• Problem to solve: Leave the pictures out, and repeat exactly each line from the one that holds "π https://t.co/yxIh4X4iqT" through the final line of the entries below.

• Data supplied:
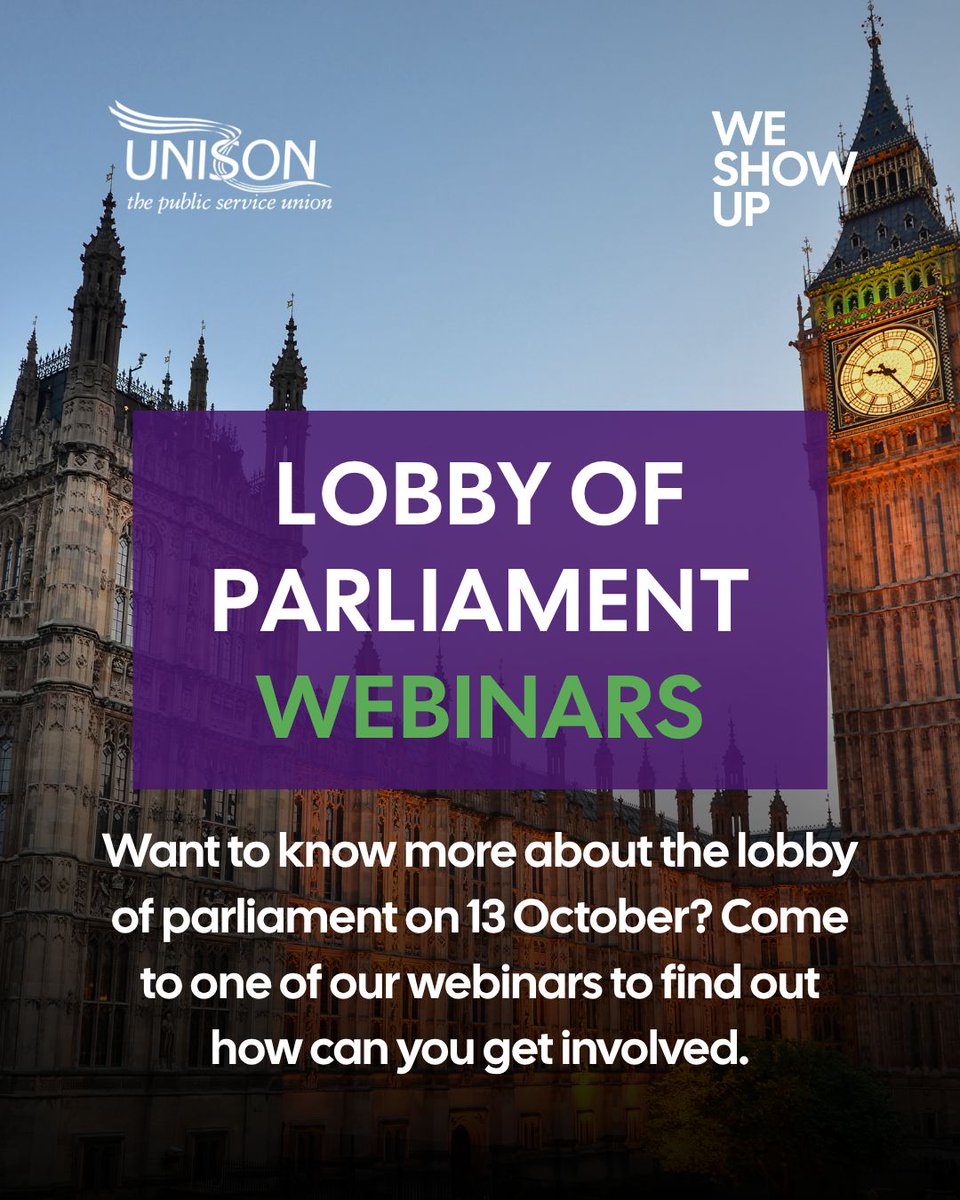 unisonyh's tweet photo. On 13 Oct, @unisontheunion members are heading London for a lobby of parliament, calling on the government to invest in public services.
To explain more, we're running a series of webinars ππ¨π¦π¨π«π«π¨π° (1 Oct) and π
π«π’πππ² (2 Oct).
π https://t.co/yxIh4X4iqT
#WeShowUp https://t.co/0GoDGs6AG8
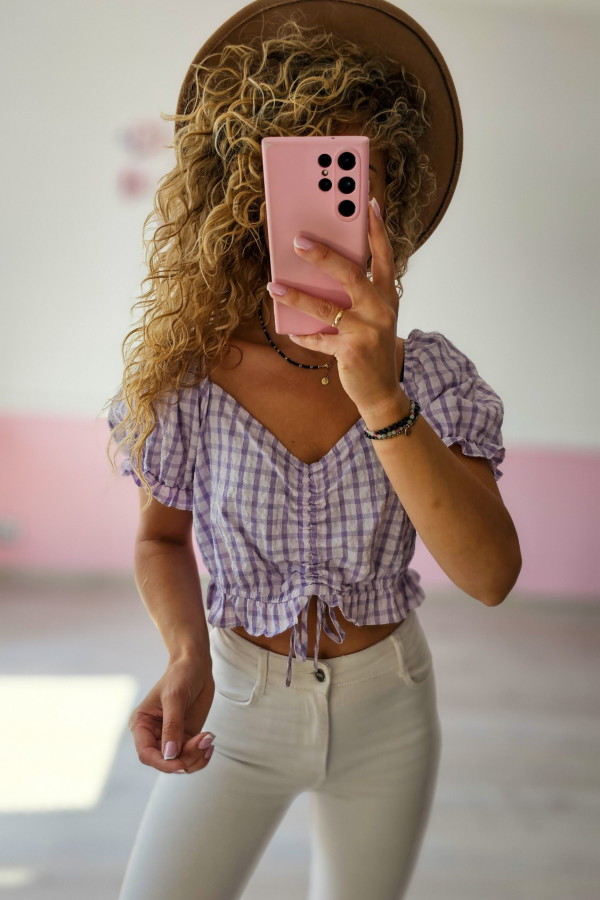 Kraciasta bluzka ze ściągaczem Primark L/XL
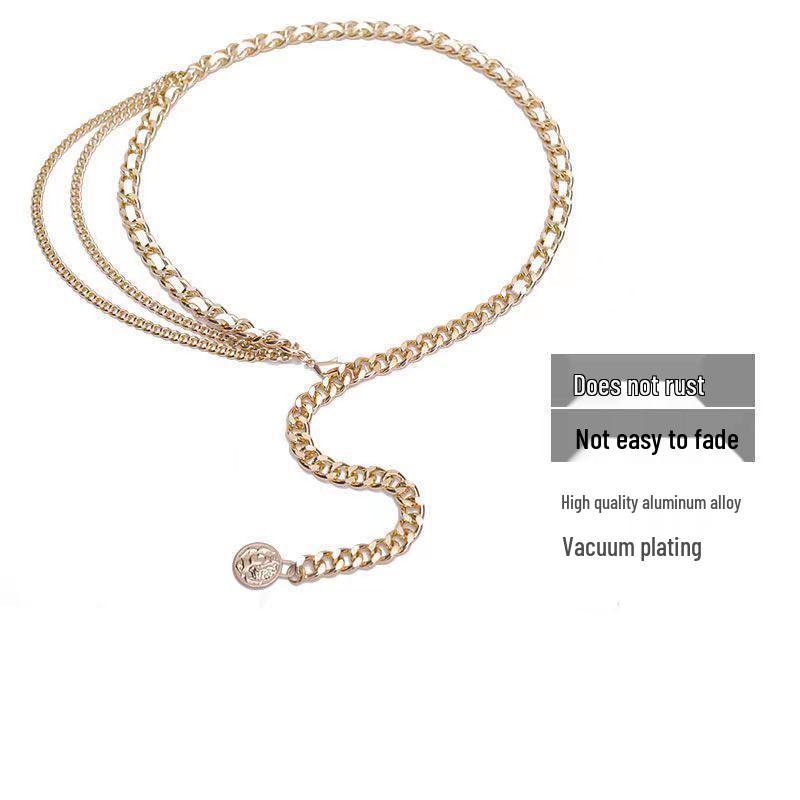 Women's High-End Metal Chain Waist Belt - Woolen Dress Accessory with Fragrant Style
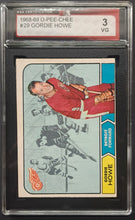 Load image into Gallery viewer, 1968-1969 O-Pee-Chee Gordie Howe #29 Detroit Red Wings Slabbed KSA 3 VG NHL HOF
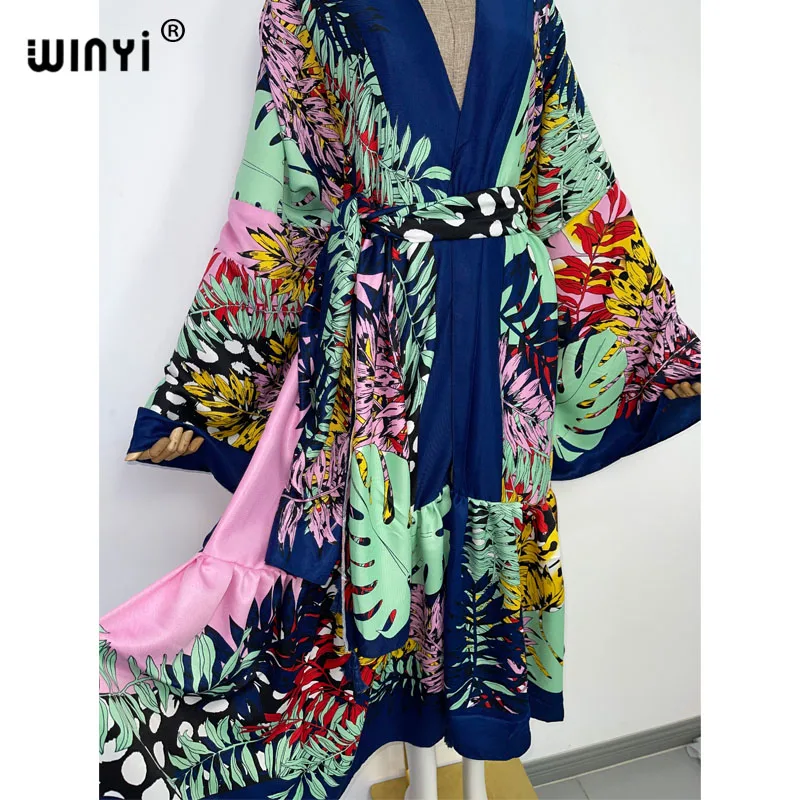 Europe WINYI Women kimono fashion Vintage Totem Floral boho caftan Print Waist seal abaya Dress long Sleeve Casual Vestidos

• Answer to the exercise:
π https://t.co/yxIh4X4iqT
#WeShowUp https://t.co/0GoDGs6AG8
 Kraciasta bluzka ze ściągaczem Primark L/XL
 Women's High-End Metal Chain Waist Belt - Woolen Dress Accessory with Fragrant Style
 Load image into Gallery viewer, 1968-1969 O-Pee-Chee Gordie Howe #29 Detroit Red Wings Slabbed KSA 3 VG NHL HOF
 Europe WINYI Women kimono fashion Vintage Totem Floral boho caftan Print Waist seal abaya Dress long Sleeve Casual Vestidos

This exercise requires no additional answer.